Newly Duplicated Stations

I am noticing quite a few 2024 duplications of existing stations in the U.S. This seems especially prevalent when the original station was added by a user and the newly added station was added from the US’s AFDC database. One such example is as follows:

  • Added by a ‘user’ in 2023: OCM-289095
  • Added by a ‘AFDC’ this year: OCM-293609
    It looks like the newly-added station is over 100 meters from the original station and I am wondering if that is somehow factoring in.

Yes, if a site is at a different location it is not considered a duplicate by our automated import. We don’t really have a perfect solution for that.


I have seen lots of those AFDC duplicates in Canada (AFDC also collects Canadian data, they get it from Natural Resources Canada). In the latest example that I have come across AFDC marker for Electrify Canada station with six 350 kW chargers was placed in the middle of a large shopping mall, most likely because this is the official postal address. The chargers are actually located in the parking lot about 100 metres away.

A workaround I use for now is to change the operational and usage status of those bad AFDC markers to “Planned For Future Date / Restricted Access". Deleting them did not work, they would just reappear after the next AFDC import.

This will hopefully get resolved in the future, check post #3 in my thread here:

The most straightforward resolution is just for us to not run the AFDC import, most imports eventually outlive their usefulness and it sounds like this one has as well.

I don’t know how bad those AFDC imports are overall in the US but in Canada they are definitely not that great. I have been doing some cleanup in the last few minutes and it didn’t take long to find another great AFDC exhibit:

OCM 295696

“Pet Vulu - Tesla Supercharger” (should be “PetValu”)
“Public - Credit card at all times” (there are no Superchargers with credit card readers in Canada)
“6x 50 kW DC” (should be 250 kW)
“kW power is an estimate based on the connection type” (so all NACS connections run at 50 kW?)
“Usage:Public - Pay At Location” (cash, credit, how about bitcoin?)
“Tesla (including non-tesla)” (at least they got this right, it is NACS Supercharger)
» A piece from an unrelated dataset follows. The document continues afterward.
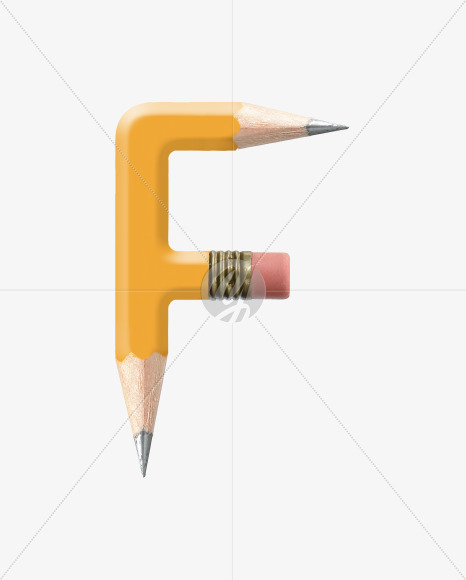 Letter F from Yellow wooden pencils alphabet on Yellow Images Creative Fonts - S44556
In regions where there are active editors those AFDC imports are a real nuisance. And for regions without active editors the question is what is better: bad data or no data?
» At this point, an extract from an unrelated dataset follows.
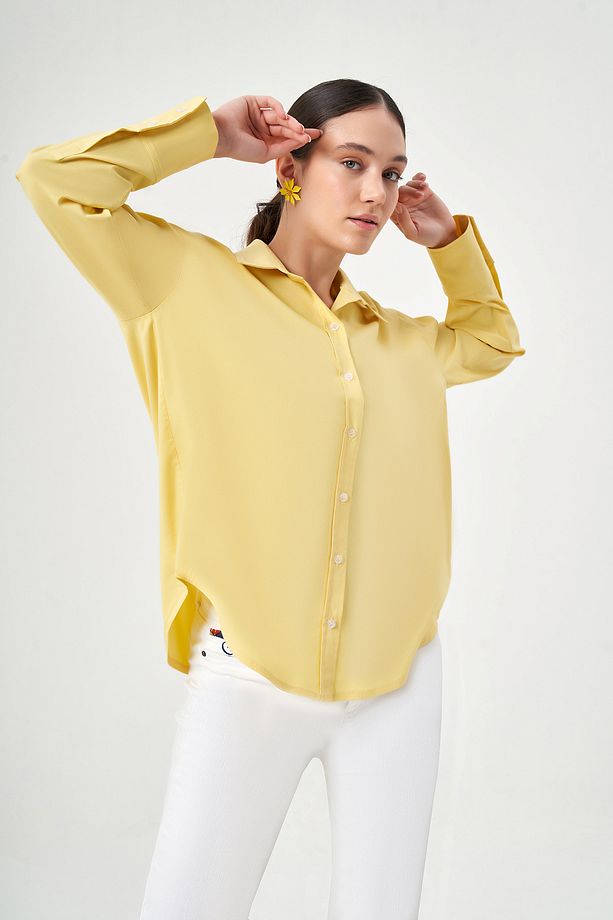 Sarı Poplin Pamuklu Gömlek 3513 - 4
In the U.S. I have developed code to detect duplicates and have been hand editing to eliminate them. It might be possible to use this same logic to prevent the duplicates from being generated in the first place. I have noticed that duplication usually occurs in the following situation.

  • The import duplicates a station that had first been entered by a user
  • The locations of the two stations are located further apart than about >= 100 meters.
    To reduce the probability of a future import creating another duplication I have been eliminating the older (user generated) duplicated station. I wonder if this logic (or similar) could be applied to the import such that the duplication would not occur in the first place.
    Here’s a report for a newly-generated duplication in Alabama, USA. I’ve been using this report to eliminate duplication and also to identify things like invalid chargers-per-station counts and power mostly in the US. But it also works in Canada for the reasons stated by Christopher.
    I am in favor of continuing to import AFDC in the USA because it gets most of the initial data data correct (lat/lng, address, # of chargers, etc.) even though it does generate some duplication.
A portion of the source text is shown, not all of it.